People v. Grant, 191 A.D.2d 297 (N.Y. App. Div. 1993).
People v. Grant, 191 A.D.2d 297 (N.Y. App. Div. 1993). Book View Copy Cite
Caution But See 1 caution
The People of the State of New York
v.
Oliver Grant
Appellate Division of the Supreme Court of the State of New York.
Mar 18, 1993.
191 A.D.2d 297
Cited by 13 opinions  |  Published

—Judgment, Supreme Court, Bronx County (Harold Silverman, J.), rendered December 19, 1990, convicting the defendant, after a jury trial, of rape in the second degree, and sentencing him to an indeterminate term of imprisonment of from 2 to 6 years, unanimously modified, on the law and as a matter of discretion in the interest of justice, to reduce the sentence to a term of imprisonment of 6 weeks followed by probation for the statutory period, and otherwise affirmed.

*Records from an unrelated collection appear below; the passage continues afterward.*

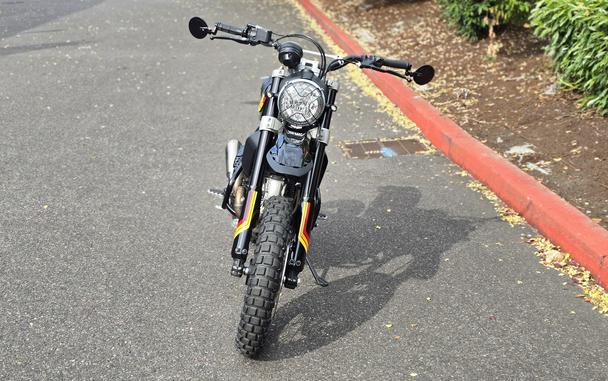 2018 Ducati SCRAMBLER DESERT SLED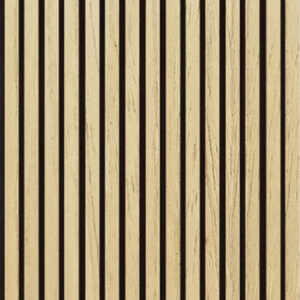 Natural Oak Acoustic Panel 2400mm x 600mm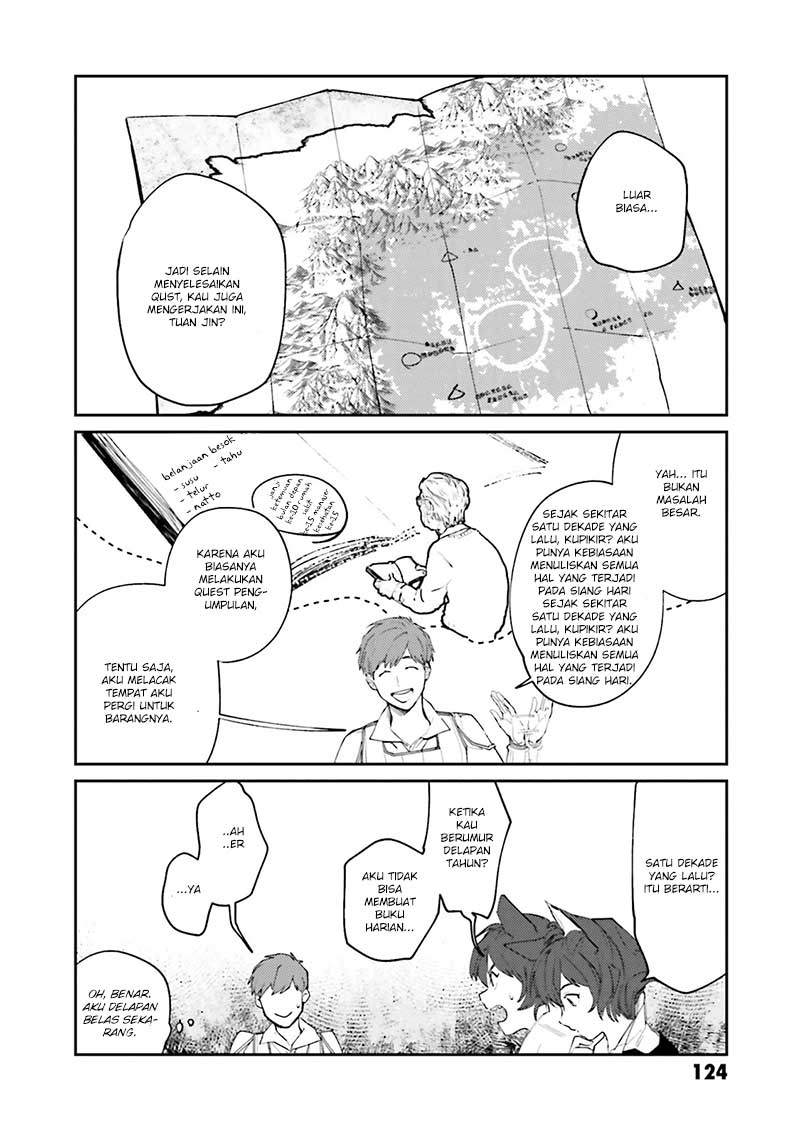 Isekai Tensei ni Kansha o Chapter 13 Gambar 4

We agree with the defendant that the Supreme Court erred in considering crimes of which he was acquitted in imposing sentence. The indictment charged the defendant with committing the crimes of rape in the first and second degrees and sexual abuse in the first degree in November of 1987, with first and second degree sodomy on June 23, 1989, with two counts each of first and second degree sodomy and one count of sexual abuse in the first degree on July 24, 1989, with endangering the welfare of two children in July of 1989 and with first and second degree rape on July 28, 1989. Of the charges ultimately submitted to the jury, the defendant was convicted only of one count of rape in the second degree, pertaining to the incident on July 28, 1989. He was acquitted of the remaining charges submitted.

Despite the jury’s acquittal of the defendant of all charges other than the July 28, 1989 incident and despite his acquittal of the charge of forcible rape on that date, the court, in imposing sentence, stated that "there were many acts of intercourse, and for that reason I’m sentencing him to jail.” Since the defendant was convicted solely of the one count of rape in the second degree, the court erred in considering the remaining charges of which he was not convicted in determining the sentence to be imposed (see, People v Maula, 163 AD2d 180; People v Cwikla, 60 AD2d 40, revd on other grounds 46 NY2d 434; People v Coward, 100 AD2d 628; People v Baez, 136 AD2d 451, lv denied 71 NY2d 892; cf., People v Hall, 46 NY2d 873, 875, cert denied 444 US 848).

The prohibition against double jeopardy found in both US Constitution 5th Amendment, and NY Constitution, article I, § 6, also requires resentence here.

We have considered the defendant’s remaining contentions and find them to be without merit. Concur — Murphy, P. J., Carro, Rosenberger and Asch, JJ.